What to produce:
Beneath this line sits some data. Return only its lines from the one holding "Rizal Armada menikah" through the one holding "Paragolpes Trasero Volkswagen", inclusive, exactly, with the images removed.

Material supplied:
______
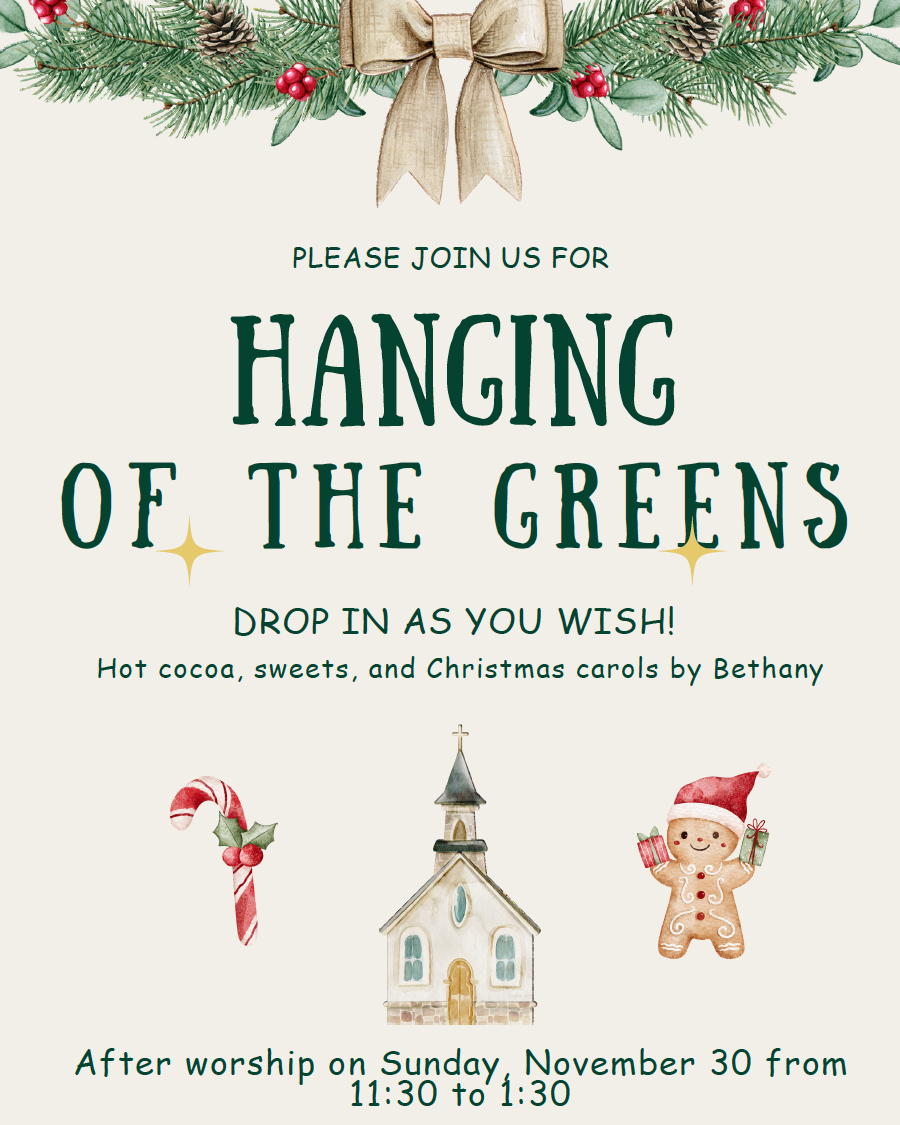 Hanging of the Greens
______
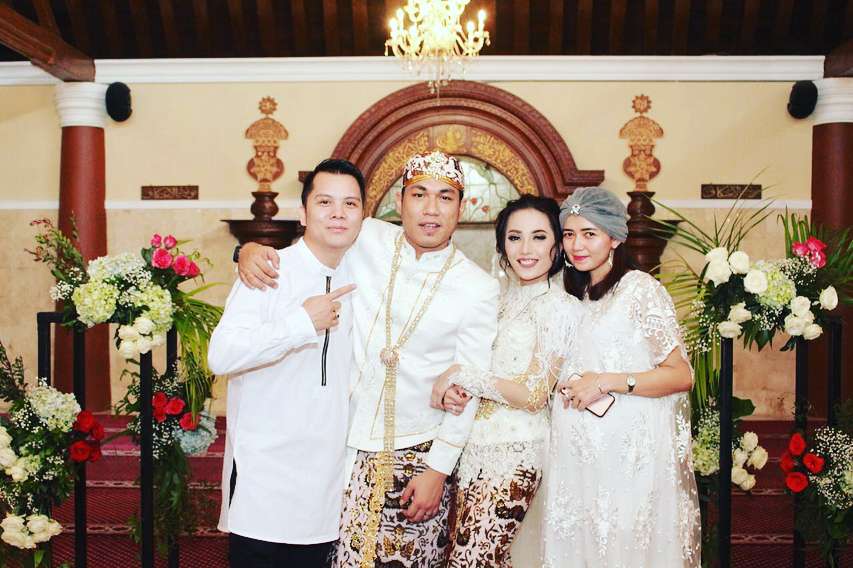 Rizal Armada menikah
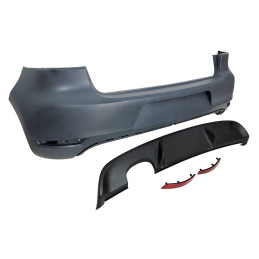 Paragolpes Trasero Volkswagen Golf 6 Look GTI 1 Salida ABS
______
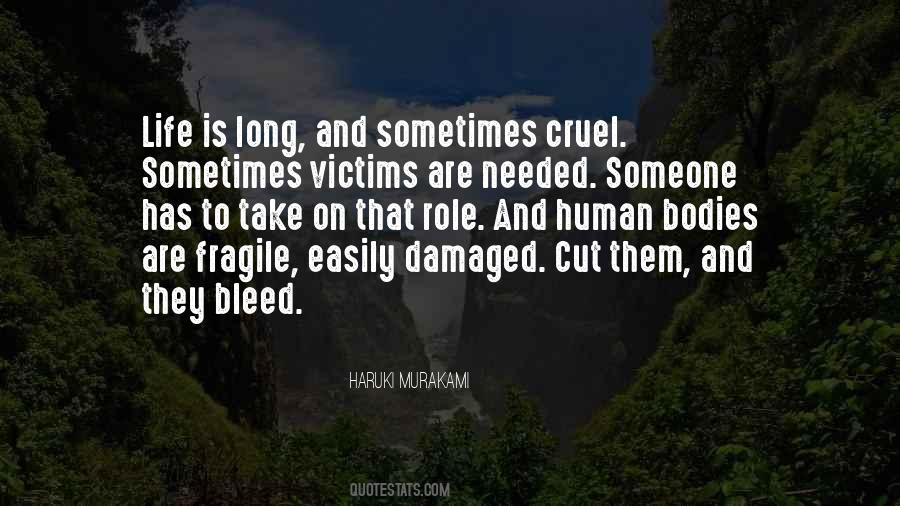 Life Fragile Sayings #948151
______
Written response:
 Rizal Armada menikah
 Paragolpes Trasero Volkswagen Golf 6 Look GTI 1 Salida ABS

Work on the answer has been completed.